Hazelnut Soup or Sopa de Avellanas, with pan-fried leeks
PREP: up to 30 mins ~ COOK: about 45 mins ~ READY IN: 1 hour
ADDITIONAL EQUIPMENT NEEDED: soup blender/liquidiser or handheld stick blender
For the stock:
- ½ x leek, white and both pale and dark greens, sliced lengthways to near its root end and thoroughly rinsed
- 1 x smallish carrot, peeled, trimmed and chopped in half
- 1 x broccoli stalk, well trimmed all over and split in half lengthways
- 1 x dried bay leaf, split
- 5 x whole black peppercorns
- scant ¼ x teaspoon red pepper flakes
- 500ml (16.91 fl oz) x cold water
- 1 x organic vegetable stock cube
For the soup:
- 230g (8.113 oz) x leeks, white and pale green only, sliced crossways and thoroughly rinsed
- up to 80g (2.822 oz) x whole hazelnuts, roasted and ground (it may not be necessary to use all of the hazelnuts, add less and then add more to personal taste)
- seasoning, both freshly ground sea salt (only if necessary) and ground black pepper
- single/light cream, to personal taste
Measurements within brackets above are approximate only.
- Add all of the stock ingredients to a large saucepan with lid and put on electric heat No 4 out of 6. Bring to a boil, reduce heat to No 2 and simmer for up to 30 minutes. Take off heat, strain through a metal sieve into a suitable bowl, grab a metal serving spoon and smash the vegetables to retain as much of their nutrients and juice as possible. Return the strained stock, pouring it through a fine wire metal sieve if necessary, to the saucepan.
- in the meantime, put a heavy-based saucepan on heat No 3. When pan is hot add a good glug of oil, enough to cover its base, and add the leeks. Clamp on a lid for the first 15 minutes, stir through and reduce heat to No 2 if necessary. It’s not about caramelising the leeks at this stage. It’s getting them beautifully soft and slightly sticky at the same time. When fully soft take off heat.
- Scatter the hazelnuts on to a baking tray and place in a cold oven on the middle shelf. Switch the oven on to 180°C or 356°F. Set the timer for 10 minutes, and when oven has preheated switch off. Grab the baking tray and check the hazelnuts. If they’re not fully roasted, and they should be a pale golden colour, place them back in the oven for up to 10 minutes more with the oven off and the door closed. Do keep and eye on them at this stage as they can and will scorch. Take them our when ready, allow to cool sufficiently before removing their dark skins. Which should peel off easily. Any that don’t can be keep aside for garnish. The rest need to be ground.

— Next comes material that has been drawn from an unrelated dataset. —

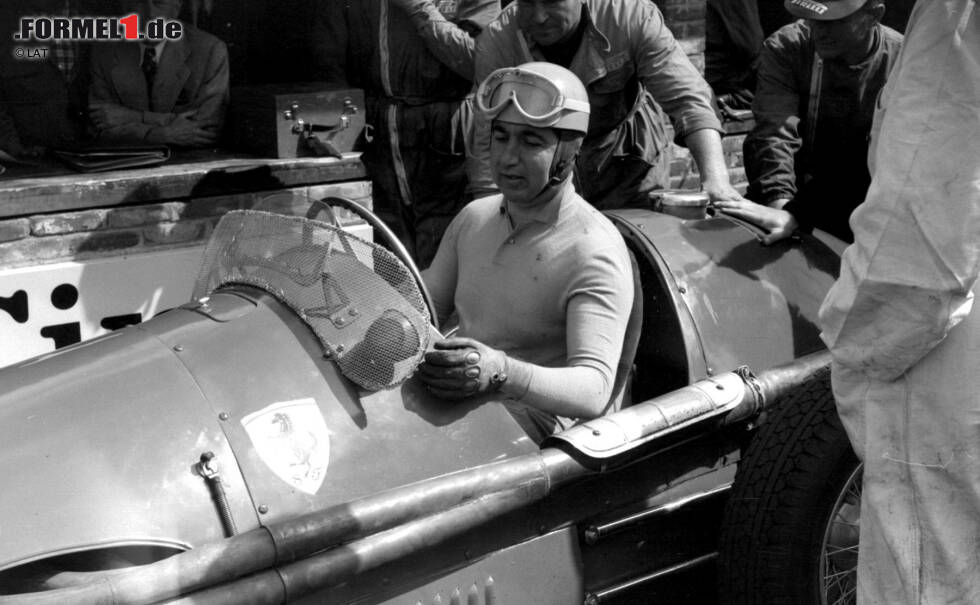 Foto zur News: Alberto Ascari zu Lancia (1954): 1952 und 1953 gewinnt der Italiener mit Ferrari zweimal in Folge den WM-Titel. Anschließend wechselt er zu Lancia, wo er mehr Geld als bei der Scuderia verdient. Es gibt nur ein kleines Problem: Zu Beginn der Saison 1954 ist das Auto noch gar nicht fertig ...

- 5 or 10 minutes before serving add some of the ground hazelnuts to the blended soup base. On heat No 3 allow a couple of minutes for all of the flavours to reheat and infuse before tasting. At this stage do add any necessary seasoning and any extra ground hazelnuts. Thin the soup to the consistency needed with single/light cream and serve hot.
- Pour the strained stock and add some of the leeks to a soup blender when cool enough to do so. Blend until smooth. Taste, if possible, for any needed seasoning and for extra leeks to be added. If that’s the case blend again until smooth.